While only one-in-five Australian households rents privately at a given moment, private rental is an important and growing part of our housing system. It provides flexibility and choice for many renters, and a familiar investment option for others, but has failed to serve the housing needs of low-income people.
According to the 2006 ABS Census, 22 per cent of households rent privately, an increase of four percentage points since 1995 (ABS 2007 4). In 2006 private renter dwellings numbered 1.47 million Australia-wide, an increase of 11 per cent since 2001 — Project 50502.
AHURI has a significant body of work that explains how the private rental market functions in Australia. It also provides evidence about the profile and experiences of private rental tenants, identifies private rental investor motivations and risk-assessment practices, and analyses government policies that seek to address affordability problems in the private rental market.
What is the size of the private rental market?
- Whilst Australia’s private rental market has expanded since 2001, much of this growth has taken place at the moderate to high-end of the housing market. Housing stock in the four lowest rent categories declined from 50 to 37 per cent (Project 50502). Low-income private renters experience the greatest incidence of housing affordability stress in Australia — See NRV3.
- Fifty-six per cent of existing low-cost dwellings are occupied by higher income households, resulting in a shortfall of 211 000 low-cost dwellings. Consequently, many low-income households have been forced to shift from the inner city to the middle and outer suburbs. Geographically, Sydney reveals the greatest shortages, followed by Melbourne and Brisbane — Project 50502 & Project 60190.
- AHURI research indicates that the private rental market is no longer a transitional tenure simply used as a steppingstone to home ownership (See NRV2). The high cost of housing is now the most significant barrier to home ownership with many private renters no longer aspiring to home ownership.
- It is anticipated that the number of low-income private renters over the age of 65 will increase by 115 per cent by 2026. The greatest increase will occur for those over the age of 85 years (NRV3). These changes can be explained in part by an ageing population along with changing household structures (through bereavement, divorce or separation) — Project 30315.
What are the experiences of private rental tenants?
- The experiences of people in the private rental market differ considerably according to income, household type and personal characteristics. For example, Indigenous women report that racism and discrimination are significant barriers to accessing the private rental market, whilst other groups reportedly trade-off affordability and tenure security for a greater amount of choice and flexibility — Project 50142.
Who invests in private rental and why?
- Small scale, ‘mum and dad’ investors dominate the private rental market. Research indicates that non-financial motivators like personal goals or personal and family circumstances play a key role when deciding to enter the rental market. However, these factors do not exert a major influence on the decision to exit the market. Instead, financial variables such as increased after-tax economic costs (rates, maintenance and repairs) are likely to influence an investor’s decision to sell — Project 20280 & Project 30521.

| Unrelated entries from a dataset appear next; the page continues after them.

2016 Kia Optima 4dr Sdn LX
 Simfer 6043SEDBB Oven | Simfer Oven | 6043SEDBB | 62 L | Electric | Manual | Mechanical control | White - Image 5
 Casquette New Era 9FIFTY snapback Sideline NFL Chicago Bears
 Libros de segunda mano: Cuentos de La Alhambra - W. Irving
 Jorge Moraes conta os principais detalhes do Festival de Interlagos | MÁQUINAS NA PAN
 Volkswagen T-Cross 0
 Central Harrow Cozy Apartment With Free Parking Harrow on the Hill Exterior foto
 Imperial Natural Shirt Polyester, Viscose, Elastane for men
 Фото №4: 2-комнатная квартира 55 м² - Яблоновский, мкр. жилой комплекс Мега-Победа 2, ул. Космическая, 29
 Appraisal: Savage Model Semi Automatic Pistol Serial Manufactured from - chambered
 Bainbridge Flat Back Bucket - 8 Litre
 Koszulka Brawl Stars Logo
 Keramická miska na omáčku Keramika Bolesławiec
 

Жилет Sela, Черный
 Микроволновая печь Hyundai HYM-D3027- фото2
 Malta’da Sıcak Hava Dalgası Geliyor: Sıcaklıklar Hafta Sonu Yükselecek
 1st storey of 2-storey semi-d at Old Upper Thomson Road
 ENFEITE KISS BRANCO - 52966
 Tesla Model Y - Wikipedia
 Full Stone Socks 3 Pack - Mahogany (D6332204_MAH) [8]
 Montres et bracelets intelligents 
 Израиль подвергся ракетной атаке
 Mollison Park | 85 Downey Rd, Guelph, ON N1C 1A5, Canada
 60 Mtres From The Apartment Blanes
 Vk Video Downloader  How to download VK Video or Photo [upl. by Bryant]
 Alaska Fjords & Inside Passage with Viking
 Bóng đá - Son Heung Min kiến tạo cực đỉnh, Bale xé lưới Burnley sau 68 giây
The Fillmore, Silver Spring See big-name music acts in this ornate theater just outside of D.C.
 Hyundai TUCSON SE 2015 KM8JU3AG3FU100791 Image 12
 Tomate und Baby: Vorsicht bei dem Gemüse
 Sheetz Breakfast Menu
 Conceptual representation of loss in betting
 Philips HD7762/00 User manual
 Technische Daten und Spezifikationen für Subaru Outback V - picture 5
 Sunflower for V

- Landlords and property managers have negative perceptions of some low-cost housing tenants, which may reduce investment in low-cost housing. Perceived high-risk characteristics include having a low-income, being a sole parent, having a disability or being an older tenant — Project 20280, Project 30521 & Project 20346.
- Barriers to large scale private investment in low-cost rental housing market include:
- Financial risks such as the changing value of dwellings and land, small rental yields, limited capital gains and the illiquidity of housing.
- Regulation such as landlord-tenancy legislation and taxation settings that favour small rental holdings.
- Management and operating risks related to maintenance issues, rental arrears and vacancy rates — Project 30021, Project 30063 & Project 20346.
How can affordability problems in the private rental market be addressed?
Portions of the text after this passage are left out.